What the task asks ->
Repeat the listing word for word. No pictures belong in the copy.

== Segment start ==

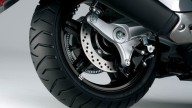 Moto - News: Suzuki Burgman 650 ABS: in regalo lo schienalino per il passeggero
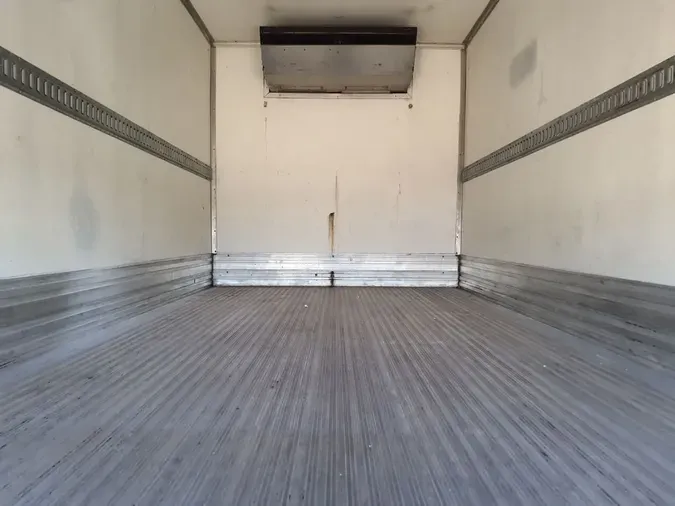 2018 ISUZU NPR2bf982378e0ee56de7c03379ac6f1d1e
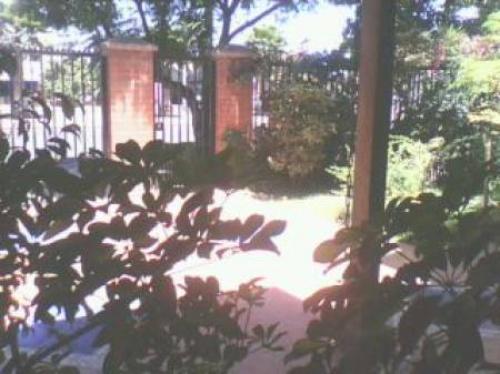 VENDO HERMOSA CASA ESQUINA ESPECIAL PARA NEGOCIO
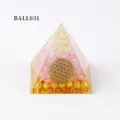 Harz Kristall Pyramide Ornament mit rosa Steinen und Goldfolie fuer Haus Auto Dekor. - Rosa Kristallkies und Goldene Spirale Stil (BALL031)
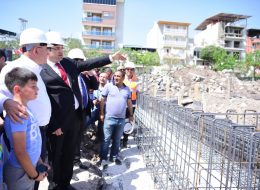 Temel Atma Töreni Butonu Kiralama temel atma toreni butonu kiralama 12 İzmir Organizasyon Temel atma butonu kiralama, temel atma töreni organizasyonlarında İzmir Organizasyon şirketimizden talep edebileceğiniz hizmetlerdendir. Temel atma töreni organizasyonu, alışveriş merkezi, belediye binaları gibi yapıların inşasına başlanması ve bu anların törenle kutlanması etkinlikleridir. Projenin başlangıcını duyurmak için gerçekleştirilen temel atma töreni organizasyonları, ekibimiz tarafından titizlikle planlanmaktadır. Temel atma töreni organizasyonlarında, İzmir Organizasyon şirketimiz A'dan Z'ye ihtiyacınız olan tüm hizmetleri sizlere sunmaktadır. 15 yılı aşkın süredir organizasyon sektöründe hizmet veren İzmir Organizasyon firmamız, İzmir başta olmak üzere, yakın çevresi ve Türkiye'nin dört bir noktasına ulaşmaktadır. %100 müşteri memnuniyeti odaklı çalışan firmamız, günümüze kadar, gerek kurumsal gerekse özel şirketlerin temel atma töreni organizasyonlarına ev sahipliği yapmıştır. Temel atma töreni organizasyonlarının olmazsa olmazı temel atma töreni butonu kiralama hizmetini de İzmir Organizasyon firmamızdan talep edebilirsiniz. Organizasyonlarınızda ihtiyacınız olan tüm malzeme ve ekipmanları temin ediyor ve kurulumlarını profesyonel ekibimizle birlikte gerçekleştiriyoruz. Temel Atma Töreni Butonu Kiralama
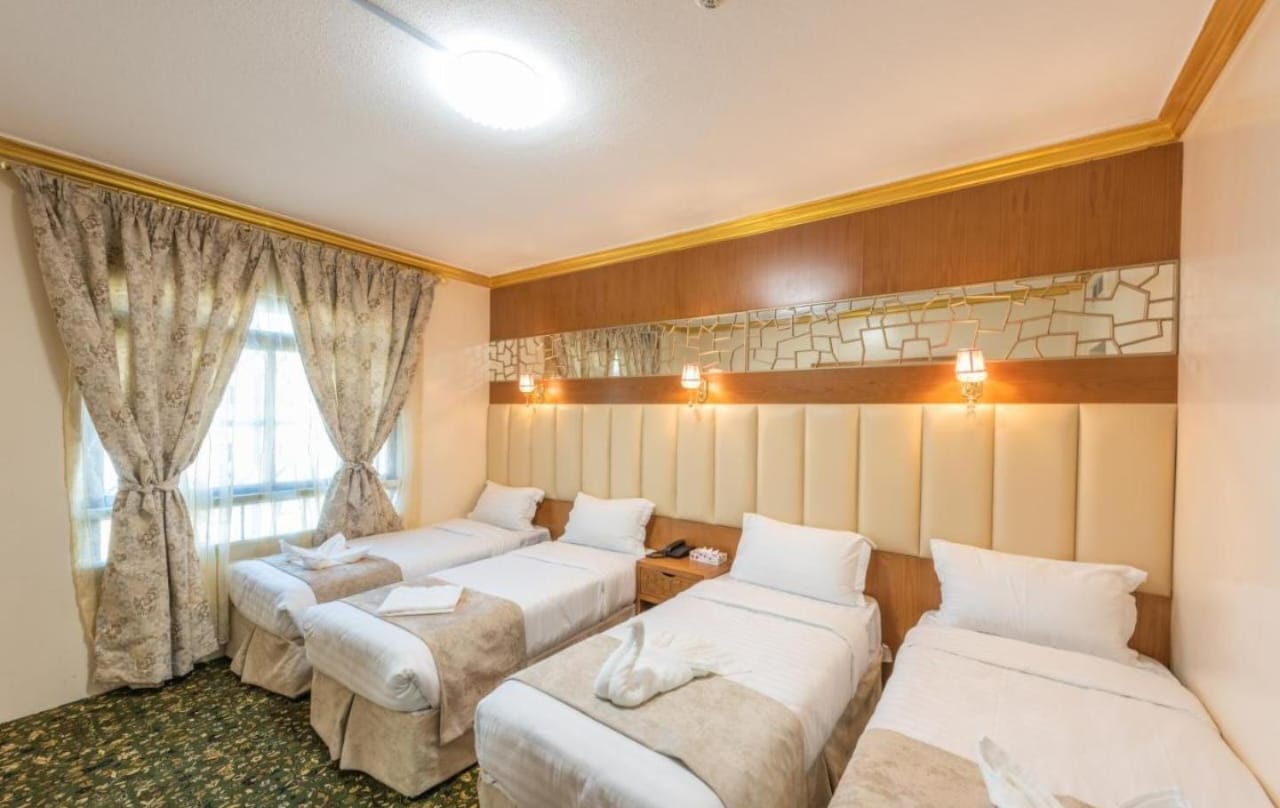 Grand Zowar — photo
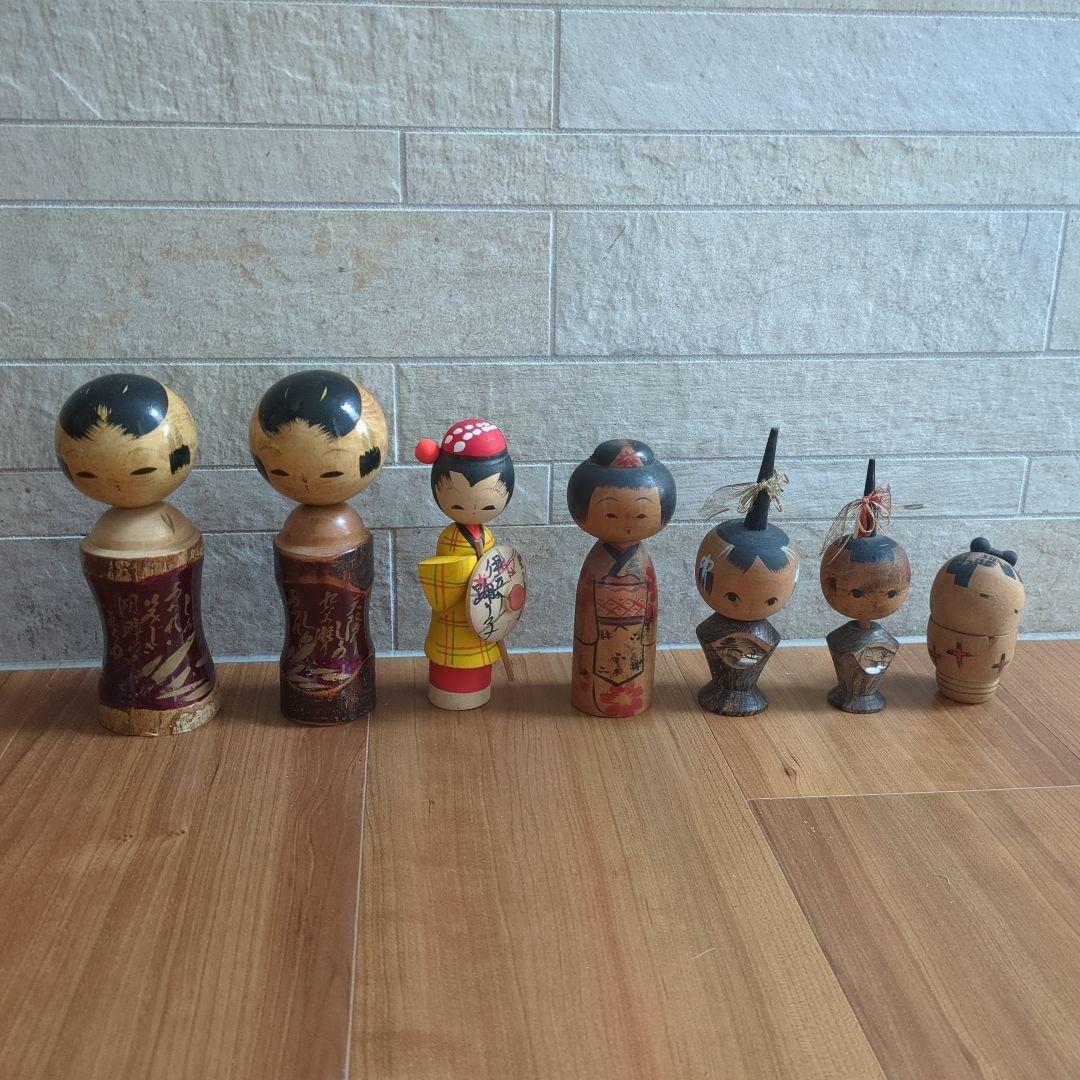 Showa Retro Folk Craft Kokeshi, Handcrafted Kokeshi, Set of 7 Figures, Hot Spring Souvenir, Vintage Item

== Segment end ==

Written reply ->
 Moto - News: Suzuki Burgman 650 ABS: in regalo lo schienalino per il passeggero
 2018 ISUZU NPR2bf982378e0ee56de7c03379ac6f1d1e
 VENDO HERMOSA CASA ESQUINA ESPECIAL PARA NEGOCIO
 Harz Kristall Pyramide Ornament mit rosa Steinen und Goldfolie fuer Haus Auto Dekor. - Rosa Kristallkies und Goldene Spirale Stil (BALL031)
 Temel Atma Töreni Butonu Kiralama temel atma toreni butonu kiralama 12 İzmir Organizasyon Temel atma butonu kiralama, temel atma töreni organizasyonlarında İzmir Organizasyon şirketimizden talep edebileceğiniz hizmetlerdendir. Temel atma töreni organizasyonu, alışveriş merkezi, belediye binaları gibi yapıların inşasına başlanması ve bu anların törenle kutlanması etkinlikleridir. Projenin başlangıcını duyurmak için gerçekleştirilen temel atma töreni organizasyonları, ekibimiz tarafından titizlikle planlanmaktadır. Temel atma töreni organizasyonlarında, İzmir Organizasyon şirketimiz A'dan Z'ye ihtiyacınız olan tüm hizmetleri sizlere sunmaktadır. 15 yılı aşkın süredir organizasyon sektöründe hizmet veren İzmir Organizasyon firmamız, İzmir başta olmak üzere, yakın çevresi ve Türkiye'nin dört bir noktasına ulaşmaktadır. %100 müşteri memnuniyeti odaklı çalışan firmamız, günümüze kadar, gerek kurumsal gerekse özel şirketlerin temel atma töreni organizasyonlarına ev sahipliği yapmıştır. Temel atma töreni organizasyonlarının olmazsa olmazı temel atma töreni butonu kiralama hizmetini de İzmir Organizasyon firmamızdan talep edebilirsiniz. Organizasyonlarınızda ihtiyacınız olan tüm malzeme ve ekipmanları temin ediyor ve kurulumlarını profesyonel ekibimizle birlikte gerçekleştiriyoruz. Temel Atma Töreni Butonu Kiralama
 Grand Zowar — photo
 Showa Retro Folk Craft Kokeshi, Handcrafted Kokeshi, Set of 7 Figures, Hot Spring Souvenir, Vintage Item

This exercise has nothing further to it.